Doc English The Language Doctor: Buying the right books
for your child
Do you have, or are you expecting to have
children in Thailand? Are they struggling to learn two (or more) languages at
the same time? Are they bored and de-motivated with learning English? If the
answer to any of these questions is an emphatic ‘Yes!’ , then this column
is especially for you.
Perhaps you don’t have children, but may also have a
partner or friend whose first language is not English. If so, you may also
find this column useful.
Every week we will provide tips and techniques for
teaching and learning English at home. We hope you find them useful.
If you have any suggestions or questions about teaching
English at home, you can also write in to the Pattaya Mail, or email
me at: [email protected] com and I will try to answer all your
questions, either by email or via this column.
This week, we go shopping for English books for your
child! Happy shopping!
Buying The Right Books For
Take your child to the book store and give them a budget
for books. You can also use books as a reward for good behaviour at the end
of the month. You will need to choose an even selection of fiction and
non-fiction books and you will need to find books that separate into these
1. Books that you want your child to read by themselves
2. Books that you want to read to your child
The books that you will read to your child can be
slightly harder (and a little more exciting), allowing your child to develop
their listening skills as well as their reading skills. However, the books
you want your child to read by themselves should contain text and stories
that are not too difficult for them to read and understand.
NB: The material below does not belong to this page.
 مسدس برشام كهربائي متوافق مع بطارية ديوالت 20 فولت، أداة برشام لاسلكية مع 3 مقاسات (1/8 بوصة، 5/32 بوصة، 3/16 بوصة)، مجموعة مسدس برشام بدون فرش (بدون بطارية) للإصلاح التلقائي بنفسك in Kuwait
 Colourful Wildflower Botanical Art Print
You should guide your children to books that you feel
meet their language level, but you should also allow them some choice. It is
better if you can find a Reading Scheme. A ‘Reading Scheme’ is a series
of books (usually stories) arranged in levels of increasing difficulty.
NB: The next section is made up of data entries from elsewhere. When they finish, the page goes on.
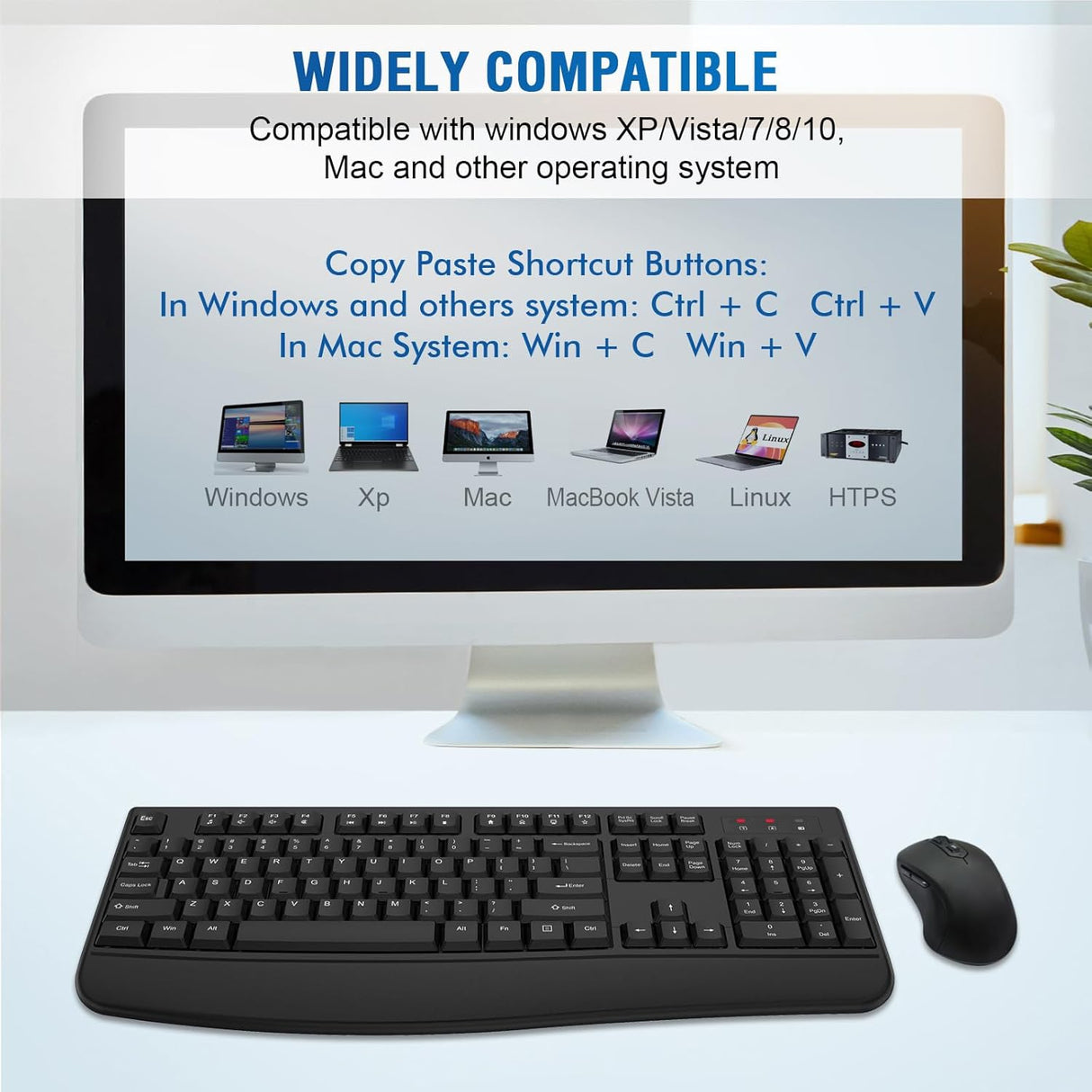 Wireless Keyboard & Mouse Combo Full-Size w/ Palm Rest Black #KBM-2400 Radio Shack
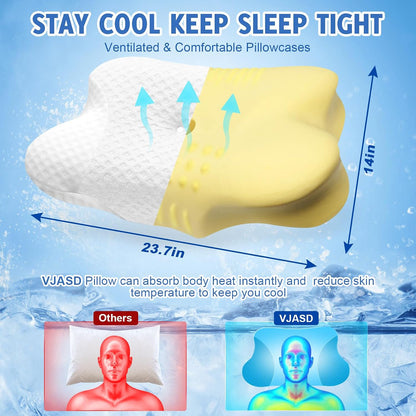 Cervical Neck Pillows with Memory Foam - Neck Pillows for Pain Relief Contour Memory Foam Pillows Ergonomic Neck Support - Adjustable Orthopedic Bed Pillows with Breathable Pillowcase for Sleeping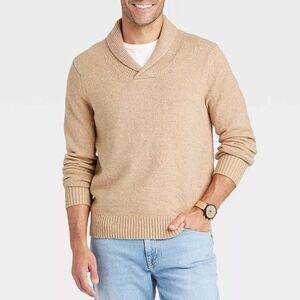 NWT Goodfellow & Co. Men’s Regular Fit Collared Pullover Sweater in Tan- Size XL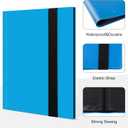 4 Pocket Card Binder for 160 Sleeves, Card Folder Ablum for Trading Cards Collection for Sports Cards, Baseball Cards, Game Cards, Mini TCG Binder Fit for MTG, Gift for Card Collector (Blue)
Stage 1 usually has few or even no words, stage two has more words of one or
two syllables, stage 3 has more words, words with more syllables, more
grammar patterns, etc. Each Reading Scheme story may contain similar
characters, or stories on a similar theme, which makes it easier for your
child to relate to and means they don’t have to learn about a load of new
characters or situations each time they read.
I find the ‘Oxford Reading Tree’ Reading Scheme very
good as children seem to enjoy the characters and stories (no I’m not on
commission!). It also contains many ‘high frequency’, or common words
that children need to learn in order to progress in English. However, any
other reading scheme that roughly follows an English, American or Australian
curriculum will do. Books printed in Asia are great because they are much
cheaper and you can afford to buy a lot; however, beware of buying books
with nice covers that contain dull stories and text. They may appear
child-friendly but in reality may be way too difficult for your child
(containing long, uncommon words, technical words, etc.).
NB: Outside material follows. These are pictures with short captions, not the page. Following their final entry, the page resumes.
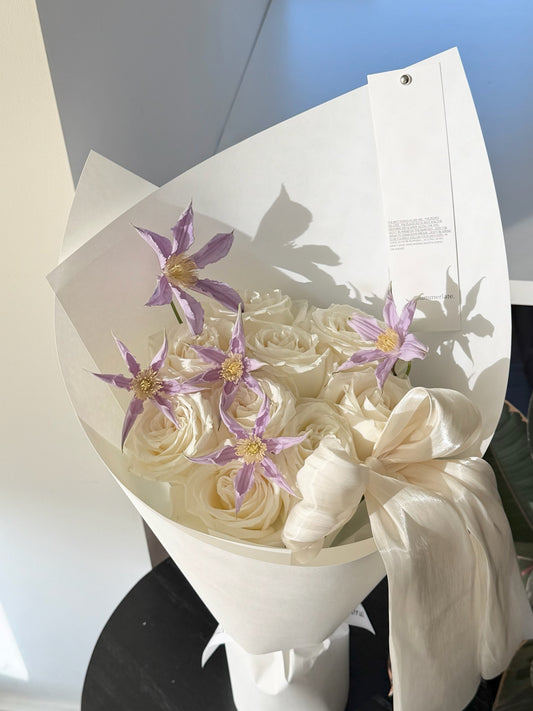White Rose with Clematis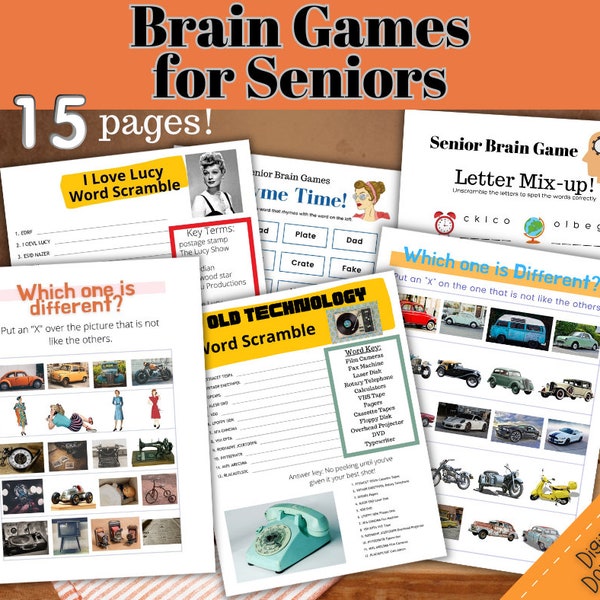 Senior Brain Games, dementia brain games. memory care activity, activity director, senior brain games, Digital Download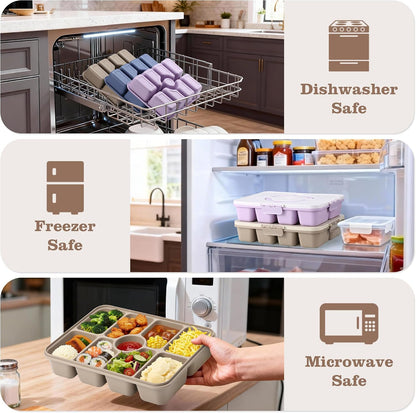 Snackle Box Container, Divided Serving Tray with Lid and Handle, 9 Compartments Snack Box Container for Adults, Portable Charcuterie Serving Platter for Candy Fruit, 9.9 Cups, White Grey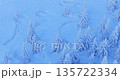 Aerial drone smooth forward flight of a snow covered spruce forest in winter. The treetops form a peaceful white pattern under soft morning light, captured in high-resolution cinematic detail. 135722334
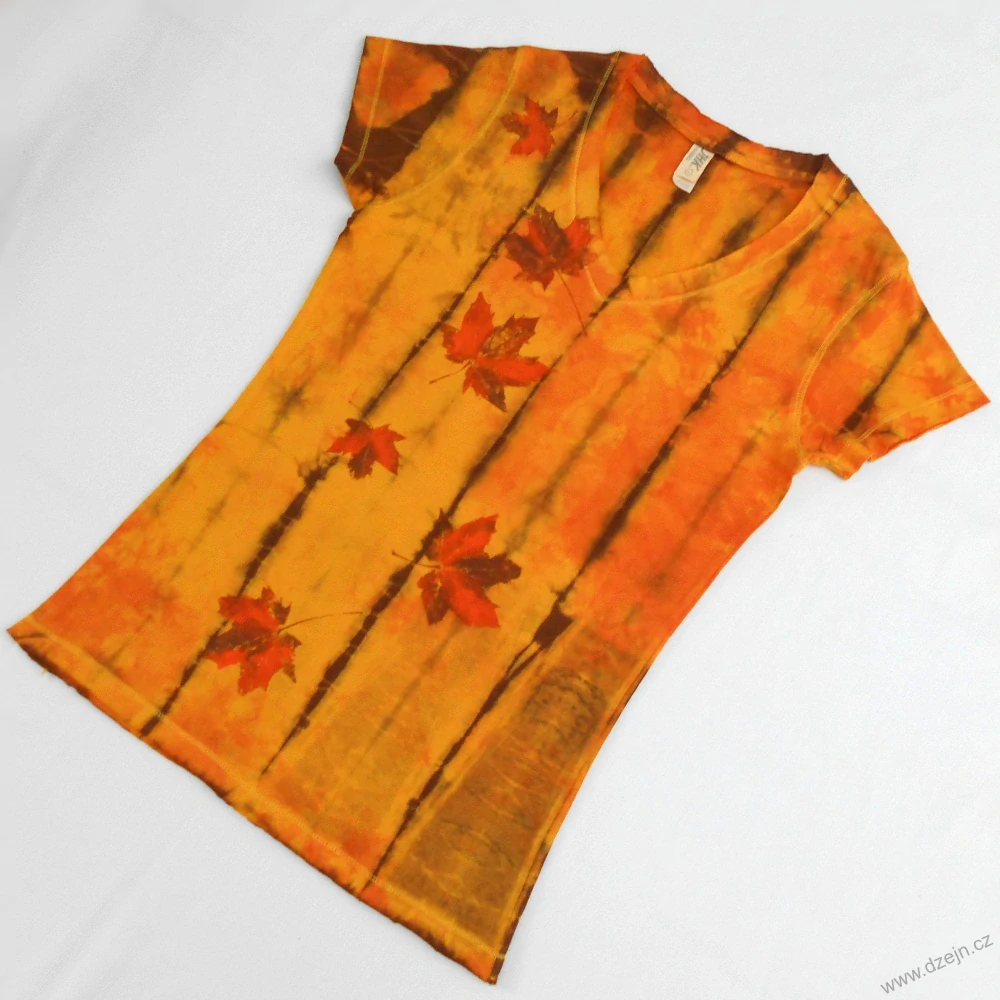 Žluto-oranžovo-hnědé batikované dámské triko s listy L
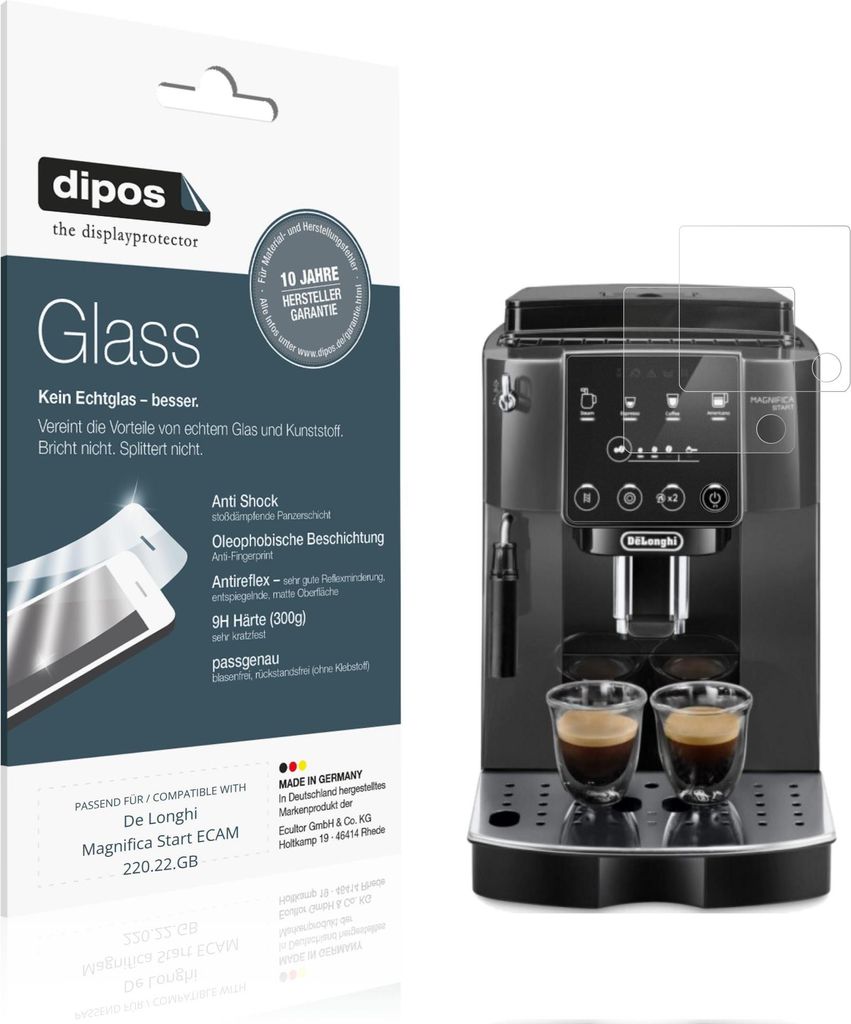 2x Schutzfolie für De Longhi Magnifica Start ECAM 220.22.GB matt - Anti-Shock 9H Folie dipos Glass Kunststoffglas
When buying books specifically to read to your child,
these can be above their reading level. At first, try to find books that
reflect your child’s interests and your situation. For example, books that
contain lots of references to people, places or situations not found in
Thailand will be harder for your child to understand and the stories harder
to relate to.
Try to find books that appeal to you also, as your child
may reflect your taste in books. It’s important to talk about the story
during and after you read, so you want a story that appeals to you both,
otherwise you’ll have nothing to talk about!
Finally, buy books, talking books, magazines and
newspapers (such as the Pattaya Mail!) regularly for yourself also.
You should keep lots of books and magazines on display around the home and
be seen by your child to be reading regularly, so that they maintain a
positive image of books and reading.